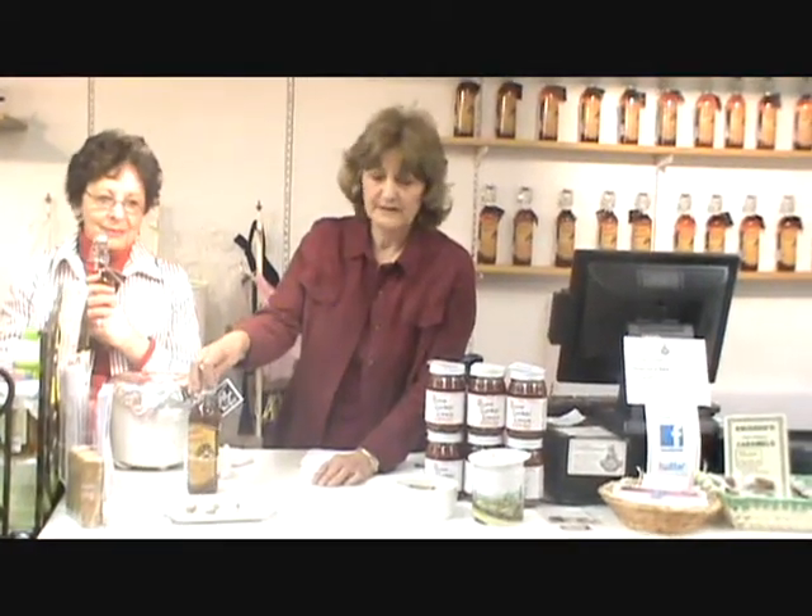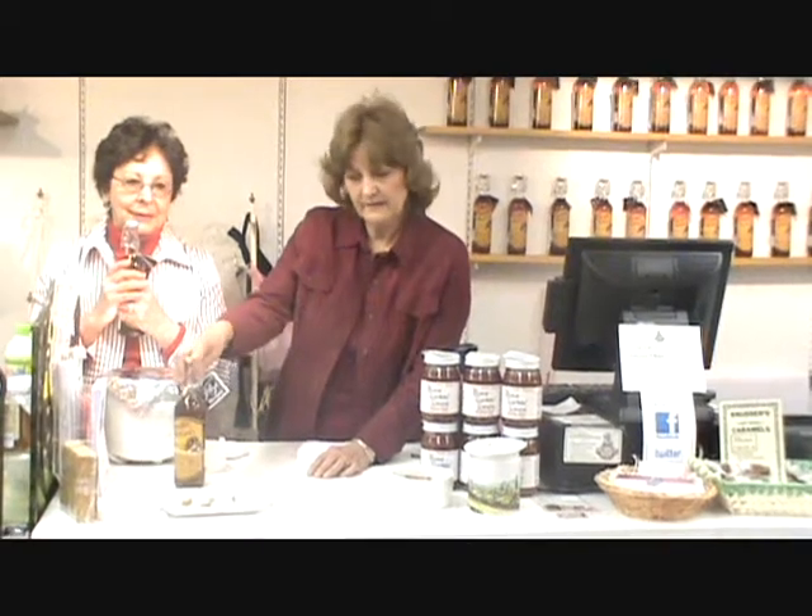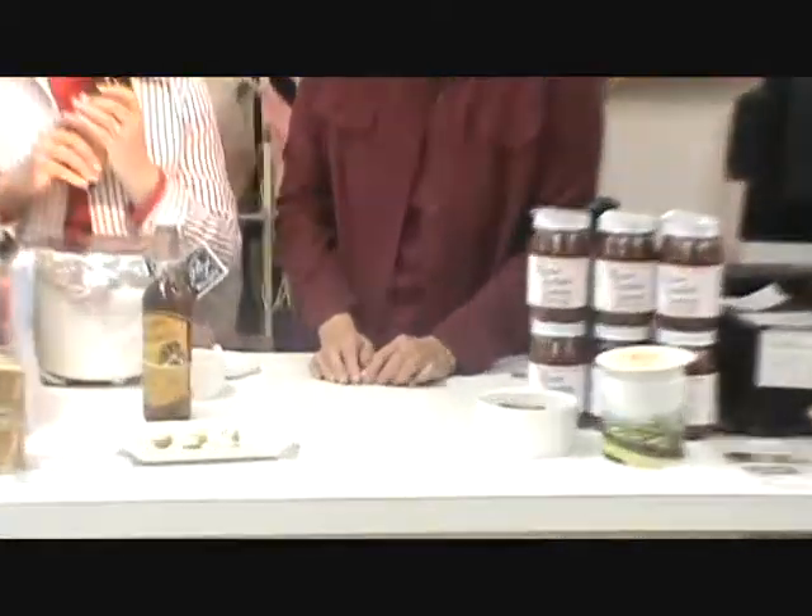We sample this every day in our store as a cheese bake. It contains cream cheese, cheddar cheese, some bacon, green onions, and a little bit of mayo.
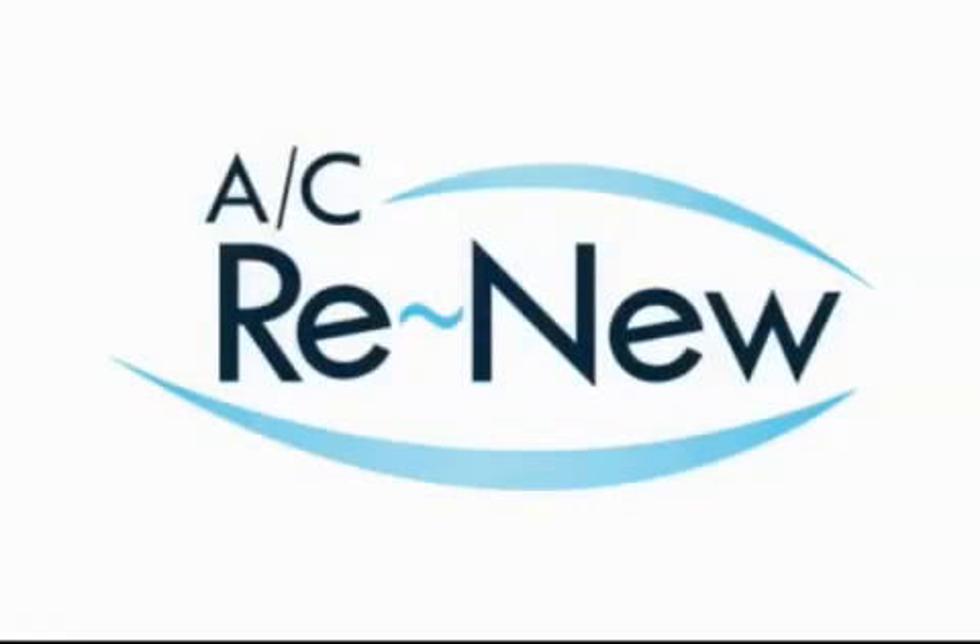In this video we want to demonstrate how AC Renew actually works and how it will improve the efficiency of your air conditioning system.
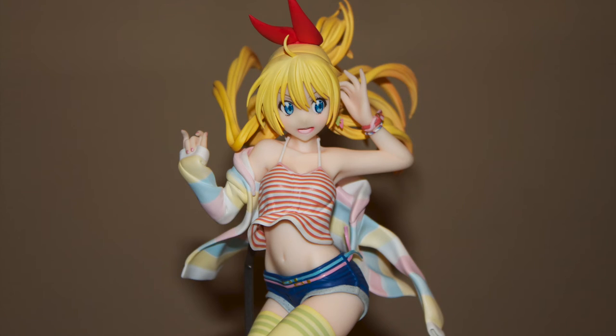There aren't too many other Chitoge figures — there's a Max Factory one but it's just the basic school uniform. This is the only one of her in a non-school uniform outfit other than the Beach Queens version. I'd love to see Alter do the other characters, since all the main female characters from Nisekoi are portrayed in illustrations on the Blu-ray volume covers. Hopefully they can do a full set. Even though Nisekoi is a pretty popular show and manga, there really aren't many figures — it's kind of shocking. If Alter makes an Onodera, I'll definitely get it and review it on the channel.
-.-.-
» **What you need to do**
Copy the whole of the material above exactly, but not its images.

» **Result below**
We sample this every day in our store as a cheese bake. It contains cream cheese, cheddar cheese, some bacon, green onions, and a little bit of mayo.
In this video we want to demonstrate how AC Renew actually works and how it will improve the efficiency of your air conditioning system.
There aren't too many other Chitoge figures — there's a Max Factory one but it's just the basic school uniform. This is the only one of her in a non-school uniform outfit other than the Beach Queens version. I'd love to see Alter do the other characters, since all the main female characters from Nisekoi are portrayed in illustrations on the Blu-ray volume covers. Hopefully they can do a full set. Even though Nisekoi is a pretty popular show and manga, there really aren't many figures — it's kind of shocking. If Alter makes an Onodera, I'll definitely get it and review it on the channel.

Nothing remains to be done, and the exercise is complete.